WORK TO BE COMPLETED = Starting at the line that contains "ACROPAQ Kabelbox inclusief" and stopping at the line that contains "animal architecture arm_up", restate each line of the records below exactly. Omit the pictures.

ENTRIES PROVIDED =
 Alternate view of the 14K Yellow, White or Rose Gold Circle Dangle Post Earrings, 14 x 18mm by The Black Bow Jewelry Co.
--
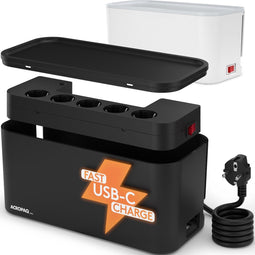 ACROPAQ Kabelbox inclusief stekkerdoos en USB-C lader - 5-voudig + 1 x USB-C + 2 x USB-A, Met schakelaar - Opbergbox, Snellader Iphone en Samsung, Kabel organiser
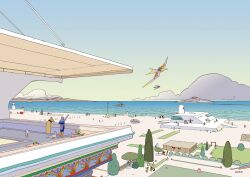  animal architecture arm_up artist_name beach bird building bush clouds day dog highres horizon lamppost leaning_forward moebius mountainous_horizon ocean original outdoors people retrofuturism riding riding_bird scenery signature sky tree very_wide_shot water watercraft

RESPONSE =
 ACROPAQ Kabelbox inclusief stekkerdoos en USB-C lader - 5-voudig + 1 x USB-C + 2 x USB-A, Met schakelaar - Opbergbox, Snellader Iphone en Samsung, Kabel organiser
  animal architecture arm_up artist_name beach bird building bush clouds day dog highres horizon lamppost leaning_forward moebius mountainous_horizon ocean original outdoors people retrofuturism riding riding_bird scenery signature sky tree very_wide_shot water watercraft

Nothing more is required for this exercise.